This paper will look at what is considered a theoretical basis for current youth culture, analysing in particular the work of Sarah Thornton among others, to determine if the data for this study, secured through a single interview with an established clubber, can provide evidence that the clubbers do exist as a youth subculture. After an extensive discussion of Thornton’s theories in particular the conclusion of this research will show that London Clubbers do form a distinct subculture within the larger “youth” dynamic and Londoners overall.
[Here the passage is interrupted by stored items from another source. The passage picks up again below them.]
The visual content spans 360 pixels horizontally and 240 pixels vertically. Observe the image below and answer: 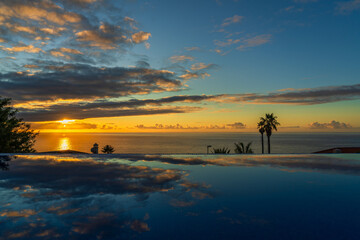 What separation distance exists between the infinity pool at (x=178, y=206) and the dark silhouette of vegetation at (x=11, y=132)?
20667 millimetres

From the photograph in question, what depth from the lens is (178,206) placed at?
4809 millimetres

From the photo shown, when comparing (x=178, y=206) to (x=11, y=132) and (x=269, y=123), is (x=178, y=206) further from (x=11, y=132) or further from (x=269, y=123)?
(x=269, y=123)

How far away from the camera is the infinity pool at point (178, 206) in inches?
144

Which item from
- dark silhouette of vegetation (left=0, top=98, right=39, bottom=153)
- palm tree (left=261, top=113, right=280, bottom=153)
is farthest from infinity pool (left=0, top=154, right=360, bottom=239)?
palm tree (left=261, top=113, right=280, bottom=153)

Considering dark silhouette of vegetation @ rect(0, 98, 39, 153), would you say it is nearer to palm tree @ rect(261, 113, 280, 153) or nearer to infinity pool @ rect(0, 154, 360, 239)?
infinity pool @ rect(0, 154, 360, 239)

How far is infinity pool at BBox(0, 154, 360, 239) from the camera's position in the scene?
3.65m

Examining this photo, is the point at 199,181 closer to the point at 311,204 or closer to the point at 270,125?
the point at 311,204

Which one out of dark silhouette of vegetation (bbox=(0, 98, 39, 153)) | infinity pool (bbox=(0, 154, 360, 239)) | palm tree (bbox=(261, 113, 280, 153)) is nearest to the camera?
infinity pool (bbox=(0, 154, 360, 239))

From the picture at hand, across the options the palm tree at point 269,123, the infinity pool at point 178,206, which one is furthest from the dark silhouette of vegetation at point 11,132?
the palm tree at point 269,123

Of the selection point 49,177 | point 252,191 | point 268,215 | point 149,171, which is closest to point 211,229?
point 268,215

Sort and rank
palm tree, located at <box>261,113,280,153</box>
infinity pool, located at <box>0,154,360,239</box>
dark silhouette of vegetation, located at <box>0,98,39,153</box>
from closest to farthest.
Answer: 1. infinity pool, located at <box>0,154,360,239</box>
2. dark silhouette of vegetation, located at <box>0,98,39,153</box>
3. palm tree, located at <box>261,113,280,153</box>

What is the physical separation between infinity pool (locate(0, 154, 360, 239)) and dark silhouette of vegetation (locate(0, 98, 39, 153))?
67.8ft

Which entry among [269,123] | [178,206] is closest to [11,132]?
[178,206]

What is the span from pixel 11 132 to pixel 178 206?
28635 millimetres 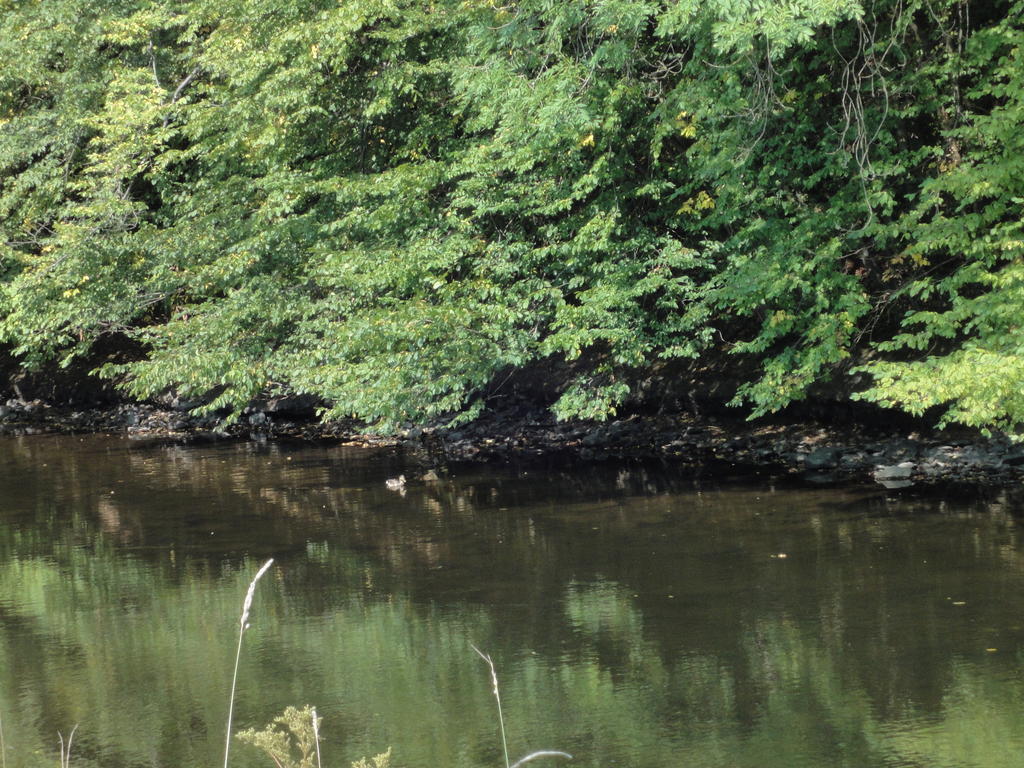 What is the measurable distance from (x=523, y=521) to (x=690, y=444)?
4141 mm

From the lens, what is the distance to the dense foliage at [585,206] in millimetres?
10891

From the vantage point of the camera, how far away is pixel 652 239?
1277cm

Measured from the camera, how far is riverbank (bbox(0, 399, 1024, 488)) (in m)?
12.0

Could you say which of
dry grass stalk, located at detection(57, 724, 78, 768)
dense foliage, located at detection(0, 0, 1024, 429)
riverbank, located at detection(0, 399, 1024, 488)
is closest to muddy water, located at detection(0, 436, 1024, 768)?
dry grass stalk, located at detection(57, 724, 78, 768)

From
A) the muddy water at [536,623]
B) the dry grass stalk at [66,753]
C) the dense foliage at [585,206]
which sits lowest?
the muddy water at [536,623]

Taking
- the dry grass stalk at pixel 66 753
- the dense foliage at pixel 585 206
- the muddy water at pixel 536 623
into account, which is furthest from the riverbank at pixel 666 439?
the dry grass stalk at pixel 66 753

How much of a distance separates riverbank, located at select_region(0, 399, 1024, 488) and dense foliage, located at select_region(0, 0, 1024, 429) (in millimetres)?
793

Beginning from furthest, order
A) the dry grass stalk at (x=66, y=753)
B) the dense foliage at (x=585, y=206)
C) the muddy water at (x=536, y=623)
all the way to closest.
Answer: the dense foliage at (x=585, y=206), the muddy water at (x=536, y=623), the dry grass stalk at (x=66, y=753)

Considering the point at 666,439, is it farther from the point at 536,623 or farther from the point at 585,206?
the point at 536,623

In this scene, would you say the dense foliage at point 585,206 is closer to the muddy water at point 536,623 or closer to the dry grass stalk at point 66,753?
the muddy water at point 536,623

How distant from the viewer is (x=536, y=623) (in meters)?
7.88

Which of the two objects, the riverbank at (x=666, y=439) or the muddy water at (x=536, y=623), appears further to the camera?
the riverbank at (x=666, y=439)

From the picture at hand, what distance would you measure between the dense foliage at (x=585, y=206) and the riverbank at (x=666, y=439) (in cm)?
79

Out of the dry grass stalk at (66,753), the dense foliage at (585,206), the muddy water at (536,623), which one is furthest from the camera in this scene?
the dense foliage at (585,206) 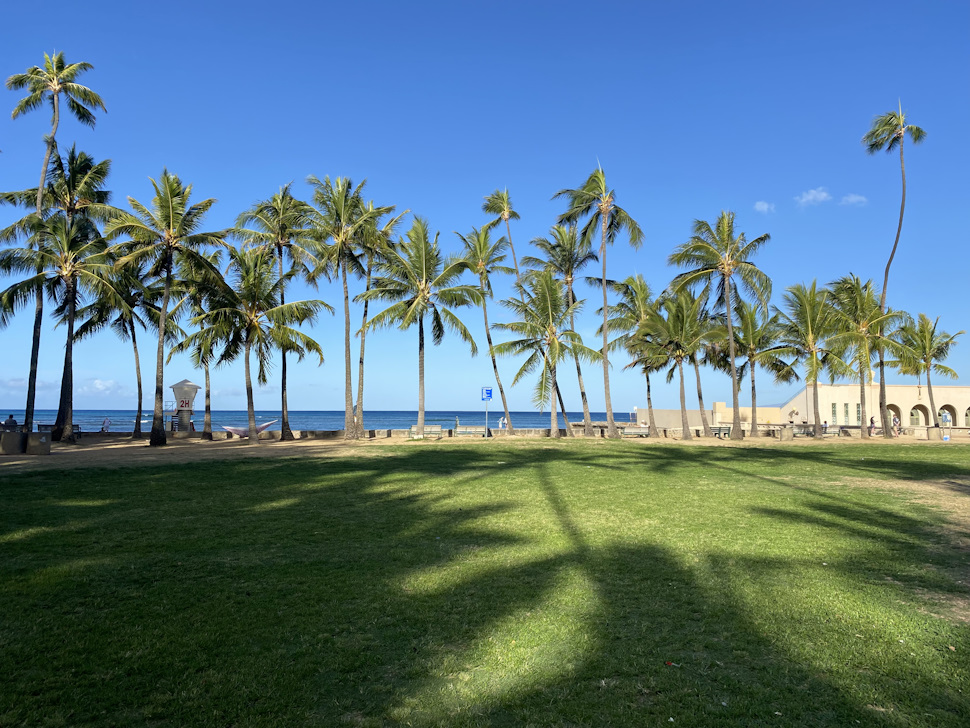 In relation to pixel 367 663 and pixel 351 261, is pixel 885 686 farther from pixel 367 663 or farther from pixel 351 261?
pixel 351 261

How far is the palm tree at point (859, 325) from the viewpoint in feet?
96.3

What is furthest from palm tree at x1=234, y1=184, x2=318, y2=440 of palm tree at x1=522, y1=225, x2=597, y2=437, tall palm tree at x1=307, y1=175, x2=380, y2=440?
palm tree at x1=522, y1=225, x2=597, y2=437

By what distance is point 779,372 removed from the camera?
32.7 metres

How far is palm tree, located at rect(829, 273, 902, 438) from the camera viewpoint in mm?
29359

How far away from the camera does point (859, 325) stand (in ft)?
100

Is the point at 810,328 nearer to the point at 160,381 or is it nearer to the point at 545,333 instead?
the point at 545,333

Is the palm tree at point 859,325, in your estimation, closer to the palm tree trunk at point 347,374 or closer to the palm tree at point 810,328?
the palm tree at point 810,328

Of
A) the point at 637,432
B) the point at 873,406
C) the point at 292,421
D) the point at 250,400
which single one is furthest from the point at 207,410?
the point at 292,421

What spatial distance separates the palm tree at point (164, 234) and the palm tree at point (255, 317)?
257 cm

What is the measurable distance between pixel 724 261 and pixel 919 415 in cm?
3023

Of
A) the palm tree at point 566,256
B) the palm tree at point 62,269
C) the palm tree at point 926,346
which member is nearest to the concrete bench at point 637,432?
the palm tree at point 566,256

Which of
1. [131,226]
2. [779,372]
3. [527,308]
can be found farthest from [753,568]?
[779,372]

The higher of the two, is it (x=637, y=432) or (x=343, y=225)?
(x=343, y=225)

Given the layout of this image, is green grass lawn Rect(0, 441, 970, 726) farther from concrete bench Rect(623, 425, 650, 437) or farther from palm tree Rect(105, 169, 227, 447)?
concrete bench Rect(623, 425, 650, 437) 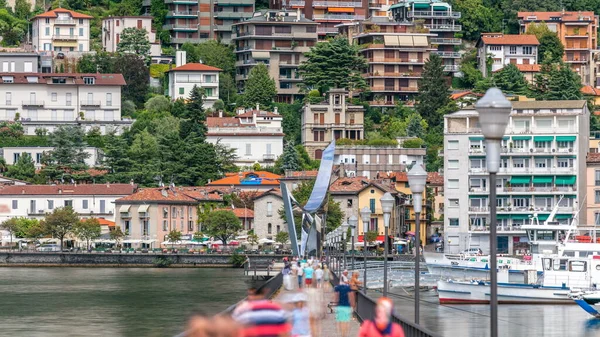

Sarah Thornton (1995) described “club culture” as a subculture that involved youths who frequented raves and dance clubs from the late 1980s to the mid 1990s. She noted in her work that the previous two decades has seen the evolution of a number of youth subcultures, arising from a rebellion against the political and social framework of a capitalist nation. Some of these more evident subcultures included the mods, skinheads, and punk-rockers (punks). The dominating identifying marks of these subcultures included the way the members dressed, acted, their taste in music and their drug preferences. Social theorists of the day claimed that the youths were showing a resistance against capitalism itself rather than more social factors such as parental control, educational hierarchy and authority and the law.
Thornton (1995) wrote in her study that during the 1980s and 1990s it became more difficult to identify individual subcultures among young people. There were a number of new and different trends that impacted clothing, socialising and drug usage for the youth during this time, making any clear ideation of a dominant sub culture virtually impossible. Thornton felt that these uprisings were more influenced by music and fashion trends rather than any political ideology.
Wilson (2002) based his Canadian study on the club culture model that came out of Britain. At the time of his research there was very little empirical research conducted on what was known as the “rave sub-culture” in Canada. Wilson identified this group of young Canadians as “a middle class culture of youth renowned for amphetamine drug use; an interest in computer generated music known as ‘Techno’ and attendance at all night rave dance parties” (Wilson, 2002, 373).
The evidence of the Canadian version of the club subculture was identified initially by media reports on the exploits of youths who seemed determined to shorten their life span by fuelling their all night dance parties with speed and similar drugs (Blanchfield, 1996). The original model for this particular subculture was based on previous research conducted in the American cities of New York, Chicago and Detroit in the 1970s and in Britain among the nightclub venues of London, Birmingham and Liverpool during the same time period (Brake, 1985).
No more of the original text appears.